Accueillir celui dont l’univers m’est totalement étranger et dont j’ai le sentiment qu’il va m’apporter quelque chose, qu’il va me faire grandir, pourquoi pas ? Soyons honnêtes, c’est avant tout au quotidien que la différence est la plus difficile à vivre. Combien de conflits professionnels, de disputes familiales et de ruptures au sein du couple parce que la différence n’est plus accueillie mais subie, supportée ? Elle vient chaque jour me bousculer dans mon confort, mes habitudes, mes certitudes, elle est une atteinte à ma chère liberté…Si je ne suis pas prêt à convertir mon regard et mon cœur, la tâche est impossible. Il me faut d’abord me reconnaître et m’accepter comme un être limité et imparfait : l’imperfection, je la partage avec l’autre. Ensuite, il me faut parvenir à me décentrer de moi-même pour ne pas me fermer au changement, à l’inconnu. La vie ne naît pas de l’immobilisme, mais elle jaillit du mouvement, de l’échange, de la nouveauté. Si c’est moi que je cherche chez l’autre, nous n’avons pas d’avenir commun, par contre si je décide de le rencontrer dans son altérité, alors tout devient possible. Sans les gommer, nous faisons de nos différences un lieu de questionnements et de dialogue, un lieu également de miséricorde et de pardon, un lieu de conversion mutuelle, nous faisant grandir l’un l’autre dans l’amour et dans la grâce. Malgré tout ce qui nous sépare, je reconnais en l’autre un frère, issu d’un même Père, aimé comme moi d’un même amour divin.

François d’Assise, avant de devenir le frère de toute créature, a commencé par fuir ce qui lui était étranger. Ainsi peut-on lire dans son Testament : « Au temps où j’étais encore dans les péchés, la vue des lépreux m’était insupportable.

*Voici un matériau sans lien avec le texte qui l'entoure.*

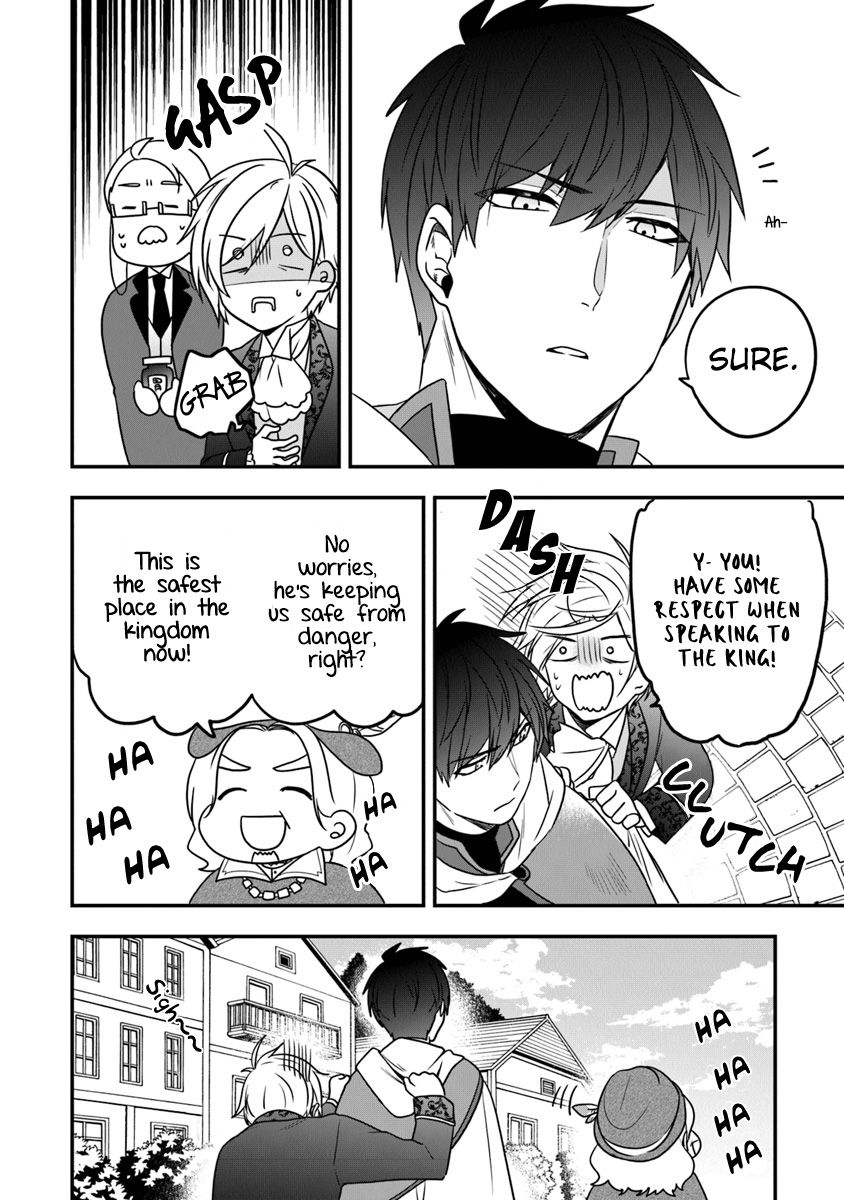 Page 13 of Chapter 14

Mais le Seigneur lui-même me conduisit parmi eux ; je les soignai de tout mon cœur ; et au retour, ce qui m’avait semblé si amer s’était changé pour moi en douceur pour l’esprit et pour le corps. » (Test 1-3) Mais c’est dans la contemplation du Fils du Très-Haut et dans la volonté de l’imiter en toutes choses que s’inscrit sa conversion. Le Christ ne rejette pas la femme pécheresse, la Cananéenne ou le centurion romain ; se moquant des préjugés de son temps, il mange avec les publicains et les pécheurs. D’ailleurs, de Lévi il fait un de ses apôtres et de Zachée, le riche collecteur d’impôts chez qui il s’invite, il fait surgir cet élan de foi : « Voici Seigneur, je vais donner la moitié de mes biens aux pauvres, et si j’ai extorqué quelque chose à quelqu’un, je lui rends le quadruple. » (Lc 19,8)

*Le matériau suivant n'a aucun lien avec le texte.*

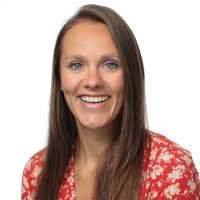 10+ "Leah Ernst" profiles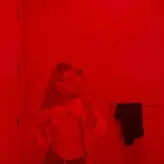iivywren nude #0005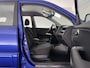 Kia Sportage 2.0 CVVT Executive *ECC | CRUISE | COMFORTSEATS | RADIO-CD/MP3 | TOWBAR | 16''ALU*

François s’inspire de ce modèle dans ses relations avec les frères mais aussi avec tous ceux qu’il rencontre, particulièrement les exclus. Citons l’épisode des brigands convertis (Légende de Pérouse 90) ou celui du loup de Gubbio (Fioretti 21). Bienveillance et patience, confiance et paix ont raison de la peur et de la violence : les regards sont transformés, les cœurs sont convertis, pour les brigands comme pour les frères, pour le loup comme pour les habitants de Gubbio. François insiste auprès de ses frères : « Quiconque vient à eux, ami ou ennemi, voleur ou brigand, doit être bien reçu » (1 Reg 7,14) ; « Lorsque mes frères vont de par le monde, je leur conseille, je les avertis et je leur recommande en notre Seigneur Jésus-Christ d’éviter les chicanes et les contestations, de ne point juger les autres. » (2 Reg 3, 10)

Accueillir l’autre dans sa différence, c’est avoir soif de la rencontre : c’est donc l’écouter avec patience et douceur, être attentif à ses besoins, créer un espace de dialogue respectueux de chacun, reconnaître en lui le frère qui m’est donné, un frère infiniment précieux puisqu’il me révèle un visage du Tout Autre.